Настаивая на выходе Китайской коммунистической партии из Гоминьдана, Троцкий с Зиновьевым разъясняли: «В корне неверно, будто выход из Гоминьдана означает разрыв союза с мелкой буржуазией (именно в этом ключе предложения Троцкого с Зиновьевым критиковали сталинцы. – С.В.). Суть дела в том, что тот бесформенный союз пролетариата, мелкобуржуазных, купеческих и иных элементов, который находил свое выражение в Гоминьдане, теперь уже невозможен. Классовая дифференциация перешла в область политики. Отныне союз между пролетариатом и мелкой буржуазией может опираться лишь на определенные, ясно оформленные, соглашения. Организационное размежевание, с неизбежностью вытекающее из классовой дифференциации, не исключает, а наоборот, предполагает – в данных условиях – политический блок с Гоминьданом в целом или с отдельными его частями во всей республике или в отдельных провинциях, в зависимости от обстановки. Но, прежде всего, партии необходимо обеспечить полную свою организационную самостоятельность и ясность своей политической программы и тактики в деле борьбы за влияние на пробужденные пролетарские массы»[869].

Если сталинско-бухаринское руководство обвиняло троцкистско-зиновьевский блок в «ликвидаторстве», то последний ответил обвинением в «хвостизме»: «Политика выражается через организацию. Вот почему вполне возможен оппортунизм в организационном вопросе, как учил нас Ленин. Этот оппортунизм может принимать разные выражения, в зависимости от условий.
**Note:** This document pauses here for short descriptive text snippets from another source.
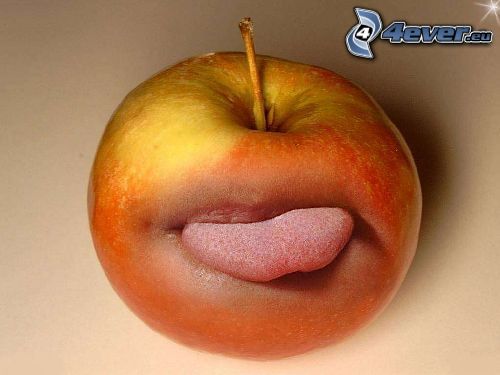 manzana, boca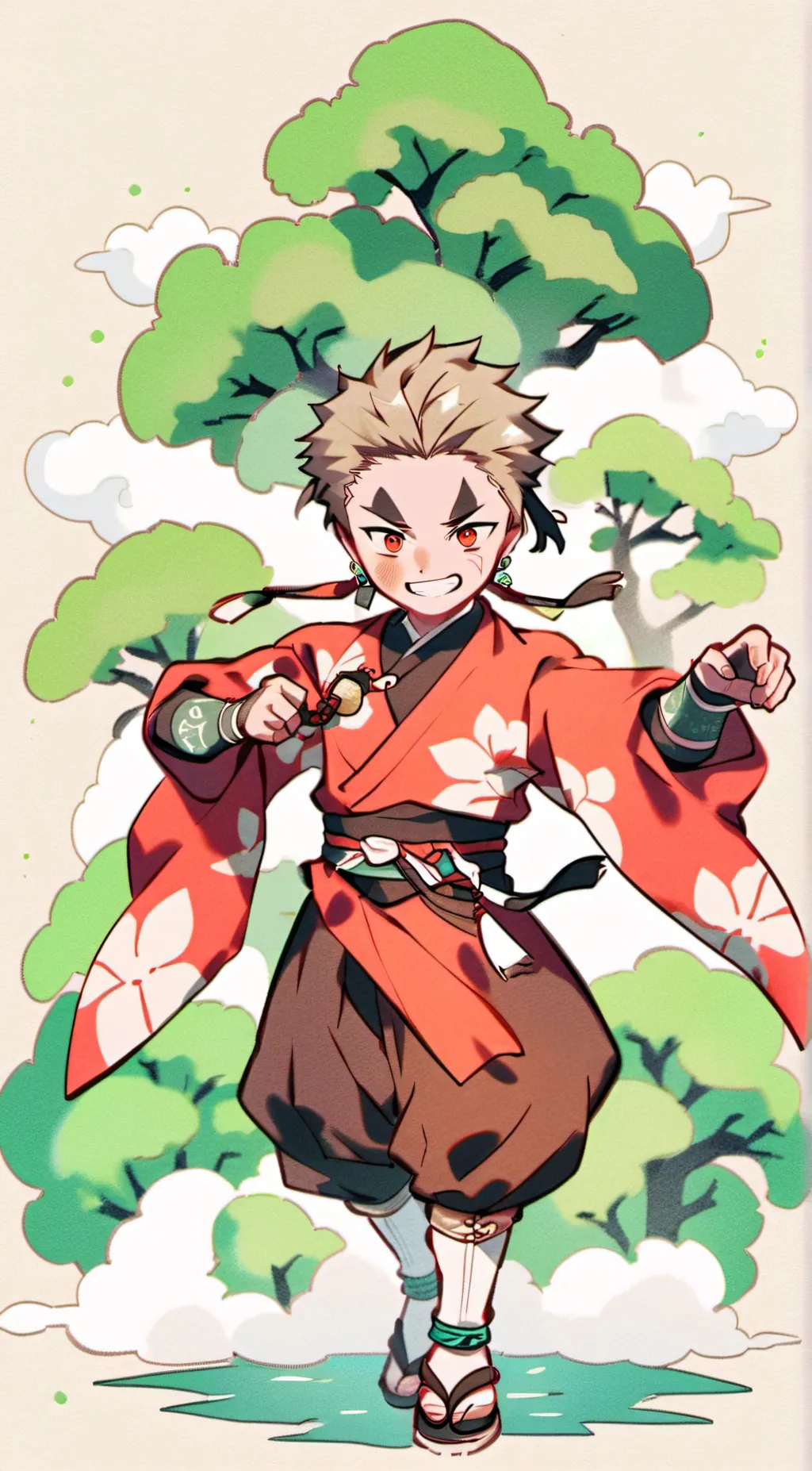 ai character: MHA training camp  background
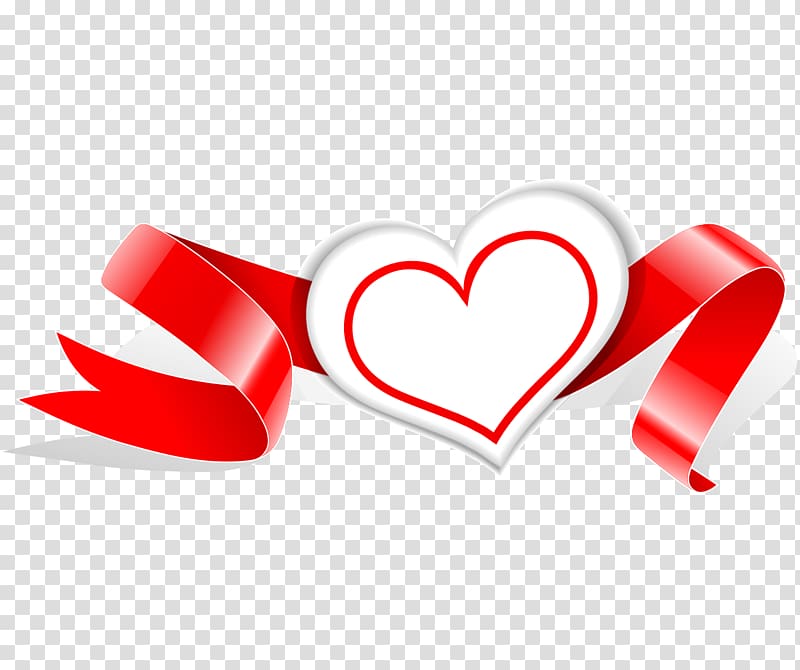 Ribbon Heart , Love Free white transparent background PNG clipart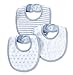 Lamaze Baby Organic Essentials 3 Piece Bib Set, blue, One Size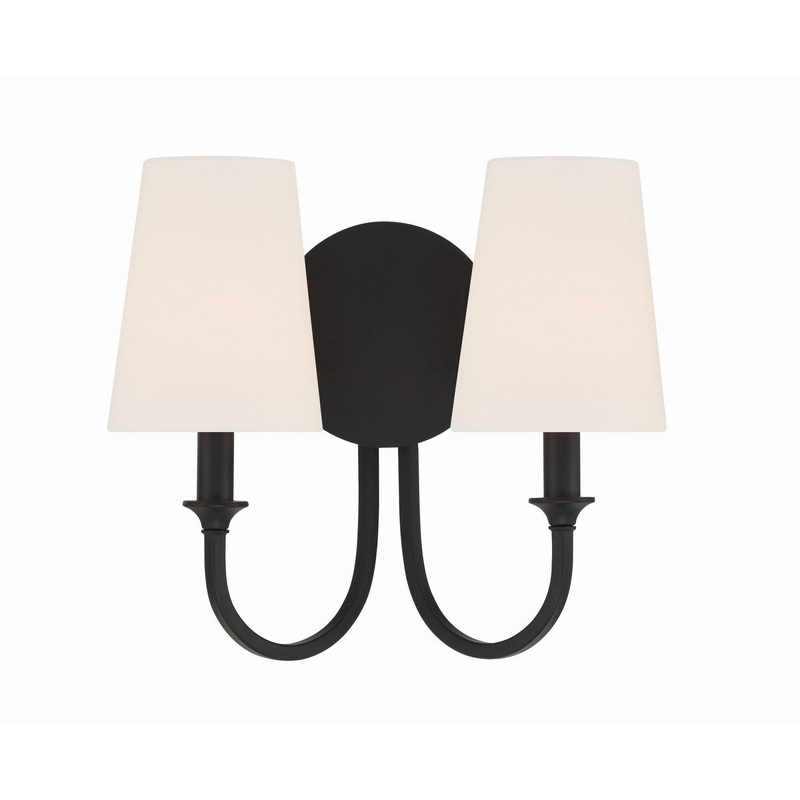 Payton 2-Light Wall Mount in Black Forged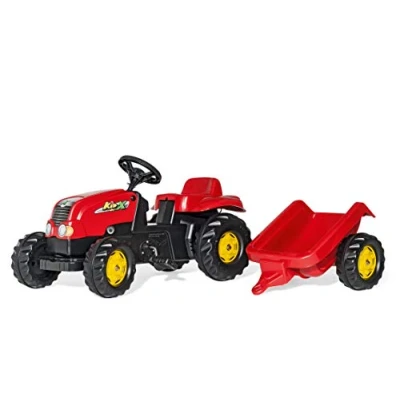 Abbildung von Rolly Toys Kid Traktor rot mit Anhänger (5012121)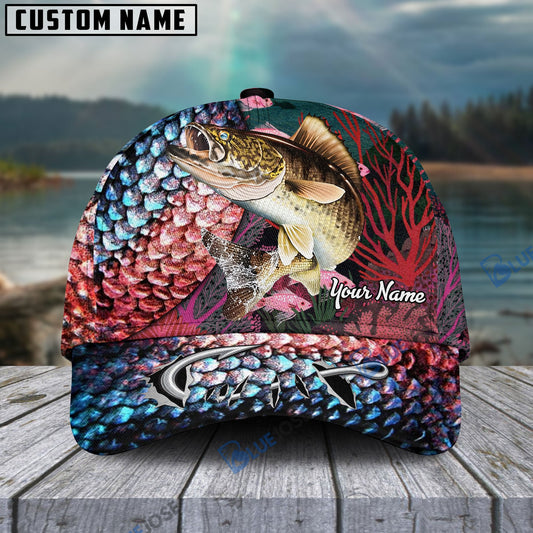 BlueJose Personalized Walleye Fishing Colorful Cap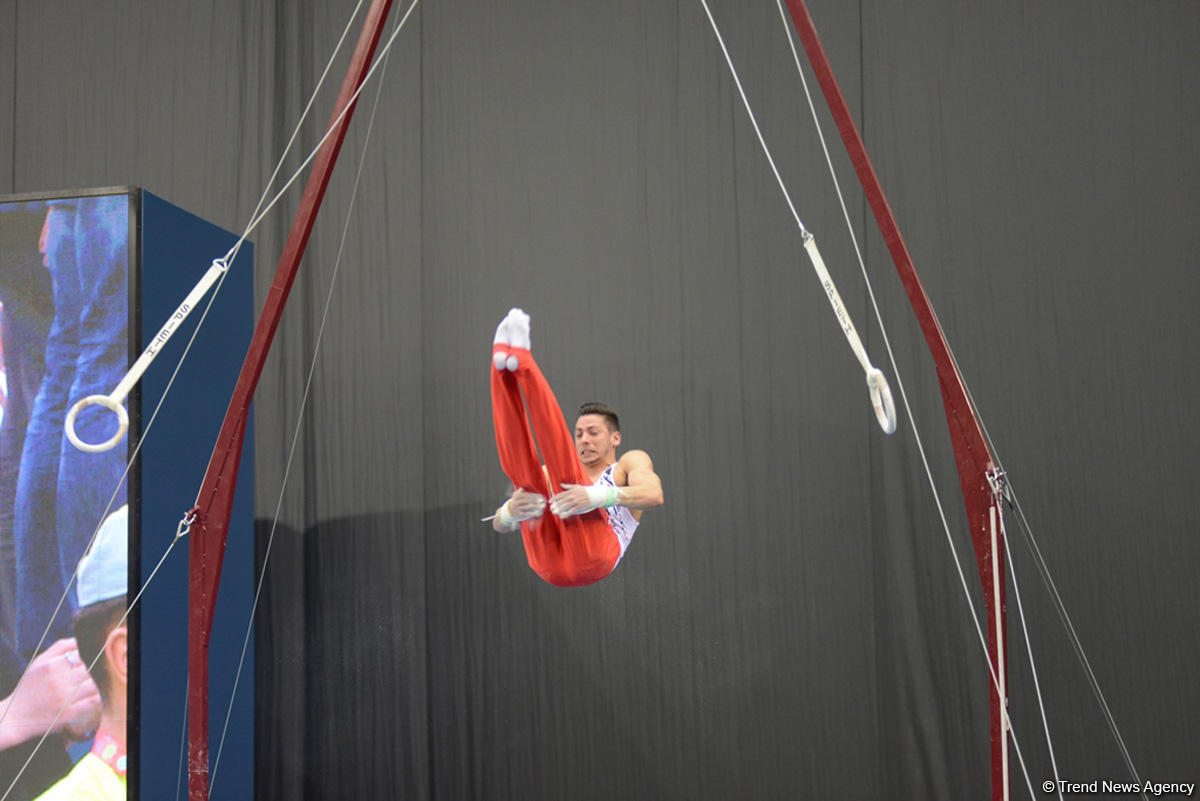 İslamiada çərçivəsində idman gimnastikası üzrə yarışlara start verildi (FOTO)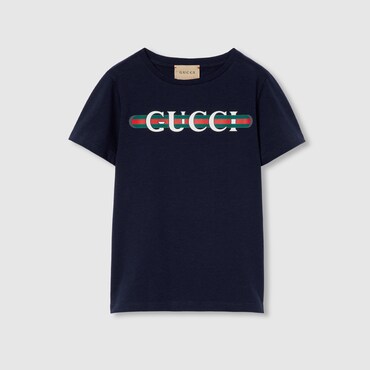 GUCCI Kids - Printed Cotton T-shirt, Size 8 YEARS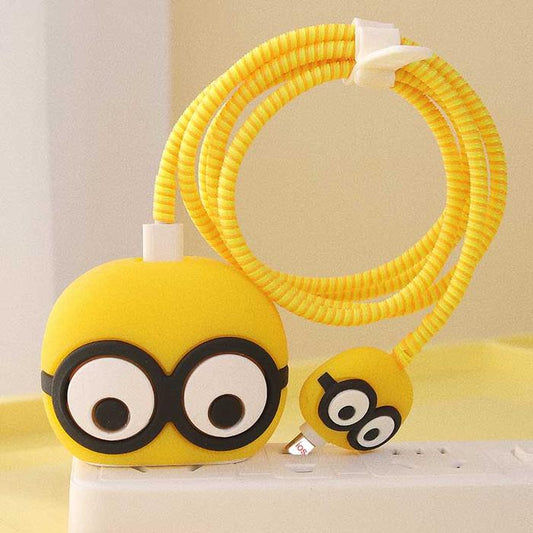 Minion 20W iPhone Silicone Charger Cover – Cute Cartoon Protector Set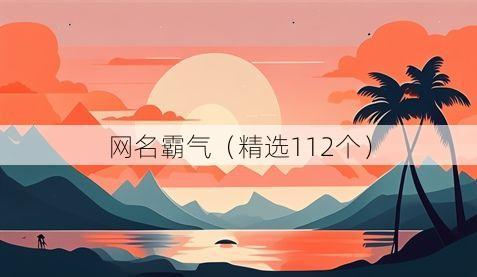 网名霸气(精选112个)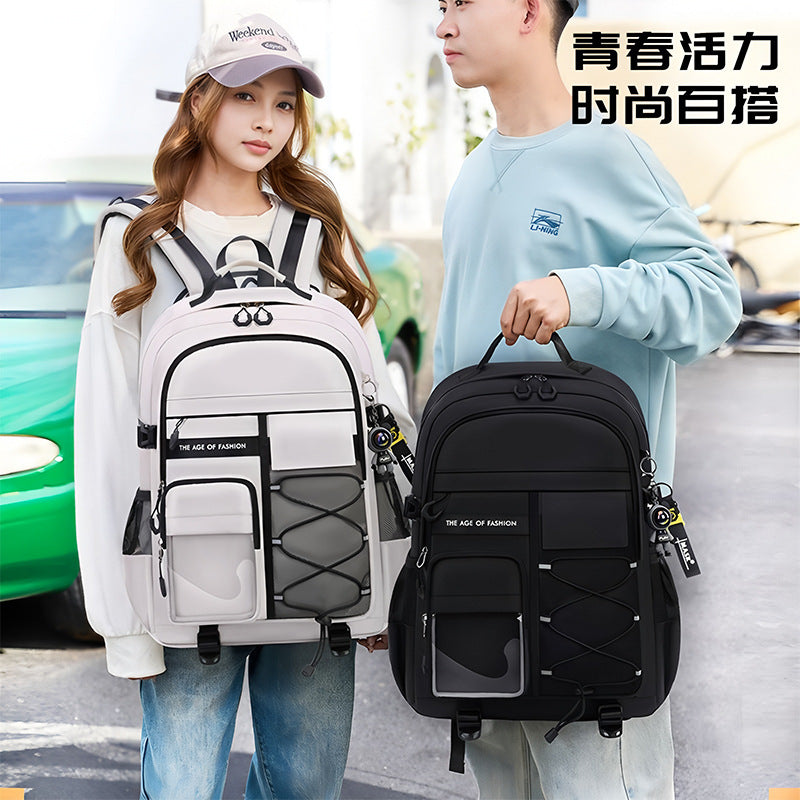 2026 New Lightweight Backpack for Primary and Middle School Students for Weight Reduction and Spine Protection for Middle School Students and High School Girls' Large Capacity Ultra-Light Backpack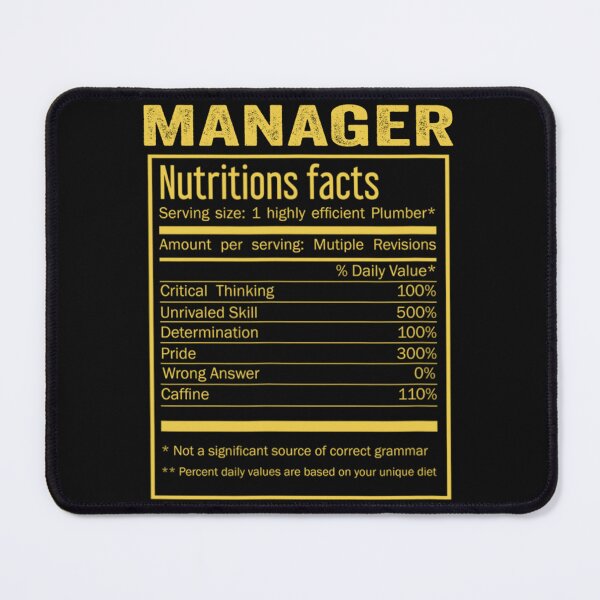 Item preview, Mens Womens manager anniversaire Gifts Shirt, Cool manager Funny Nutrition Facts Mens Womens Christm designed and sold by CarlosKraus93.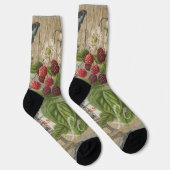 Chaussette Blackberries Floral Garden Flower Papillon Art (Droite)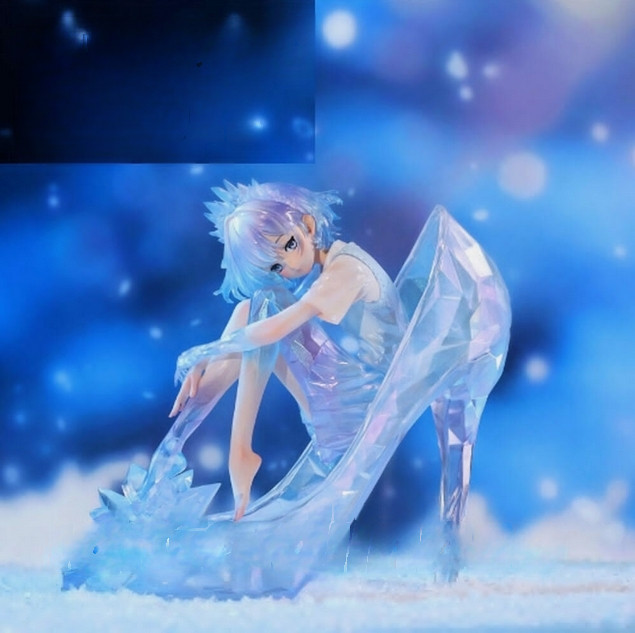 Glass Sleeping Girl Model PU Pre-order 18.3x10x17.4cm Painted Shoe Beauty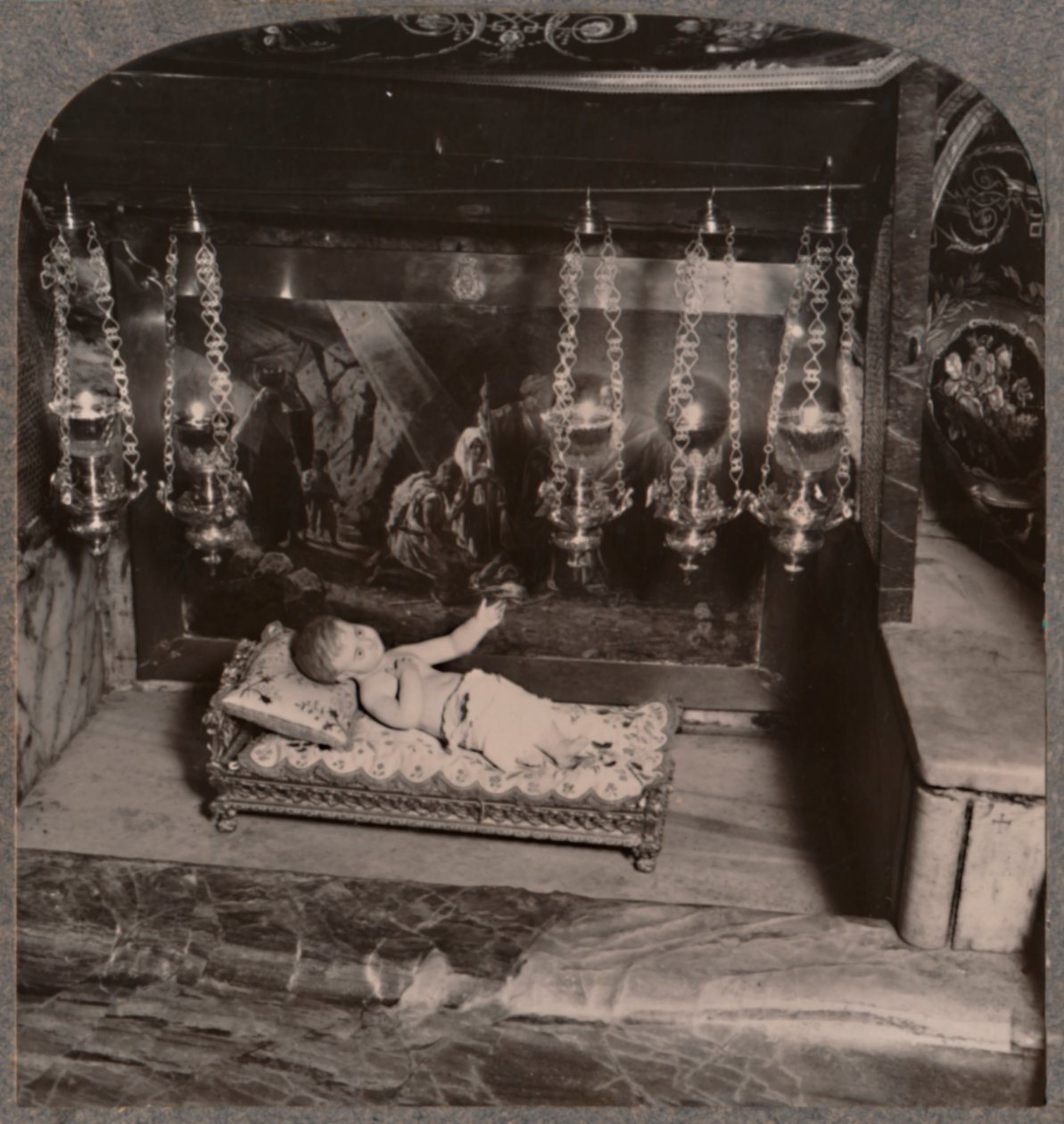 Manger of Christ, Church of Nativity, Bethlehem by Unbekannt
Одной из форм организационного оппортунизма является хвостизм, то есть стремление держаться за такие организационные формы и отношения, которые пережили себя и потому превращаются в свою противоположность. Организационный хвостизм мы за последнее время наблюдали на двух примерах: а) в вопросе об Англо-русском комитете; б) в вопросе о взаимоотношениях [Китайской] компартии и Гоминьдана. И в том, и в другом случае хвостизм цепляется за организационную форму, уже опрокинутую ходом классовой борьбы. И в том, и в другом случае пережившая себя организационная форма помогает правым элементам и связывает по рукам и по ногам левые. На этих двух примерах надо учиться»[870].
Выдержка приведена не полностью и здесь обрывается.